StopWasting My Gradients: Practical SVRG
Harikandeh, Reza
and
Ahmed, Mohamed Osama
and
Virani, Alim
and
Schmidt, Mark
and
Konecný, Jakub
and
Sallinen, Scott
Neural Information Processing Systems Conference - 2015 via Local Bibsonomy
Keywords:
dblp
This paper extends the stochastic optimization algorithm SVRG proposed in recent years. These modifications mainly includes: the convergence analysis of SVRG with corrupted full gradient; Mix the iteration of SGD and SVRG; the strategy of mini-batch; Using support vectors etc. For each modification, the author makes clear proofs and achieves linear convergence under smooth and strong convex assumptions. However, this paper's novelty is not big enough. The improvement of convergence rate is not obvious and the proof outline is very similar to the original SVRG. The key problem such as the support for non-strongly convex loss is still unsolved.
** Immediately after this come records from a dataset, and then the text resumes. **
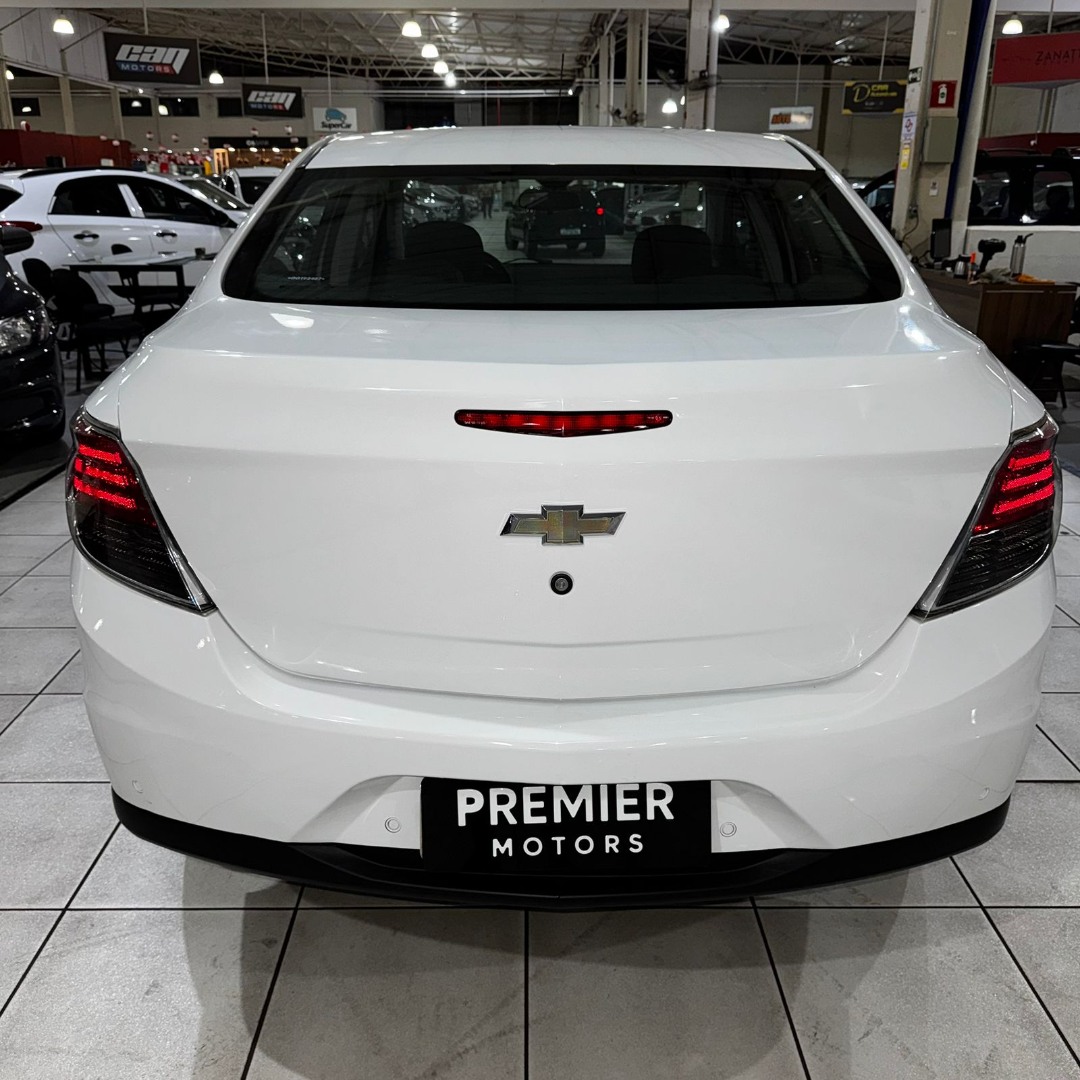 Prisma 1.4 4P LTZ FLEX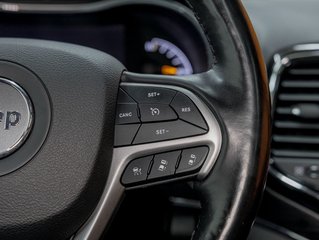 Jeep Grand Cherokee  2021 à St-Jérôme, Québec - 16 - w320h240px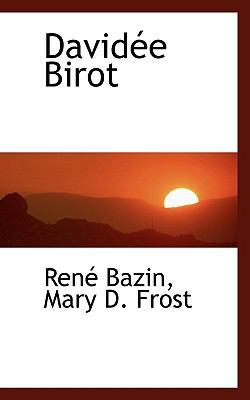 David E Birot 1113677872 Book Cover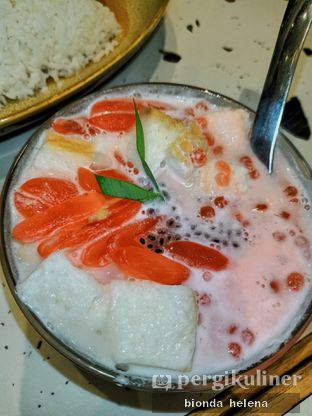 Foto review Tong Tji Tea house oleh noonanabee  2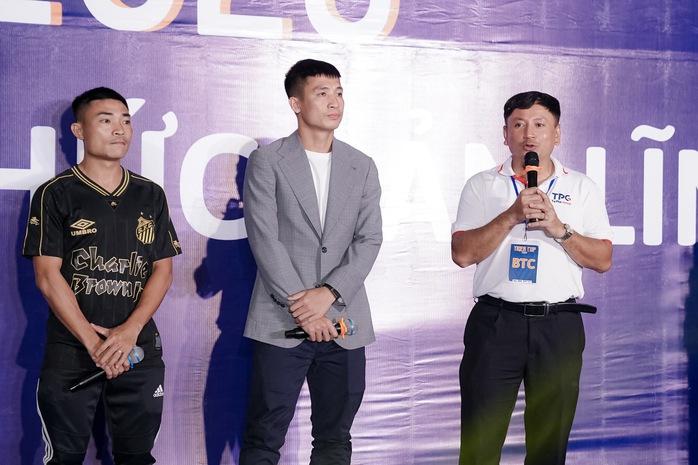 Tony Bình Dương giành cú đúp danh hiệu ở sân chơi “trong lồng” Tiger Cup 2025- Ảnh 3.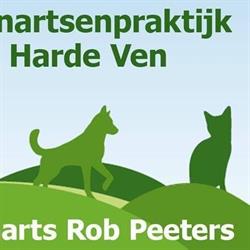 Dierenartsenpraktijk 't Harde Ven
This paper starts with a key proposition showing that SVRG does not require a very accurate approximation of the total gradient of the objective function needed by SVRG algorithm. The authors use this proposition to derive a batching SVRG algorithm with the same convergence rate as that of original SVRG. Then, the authors propose a mixed stochastic gradient/SVRG approach and give a convergence proof for such a scheme. As a different approach of speeding up, the authors proposed a speed-up technique for Huberized hinge-loss support vector machine.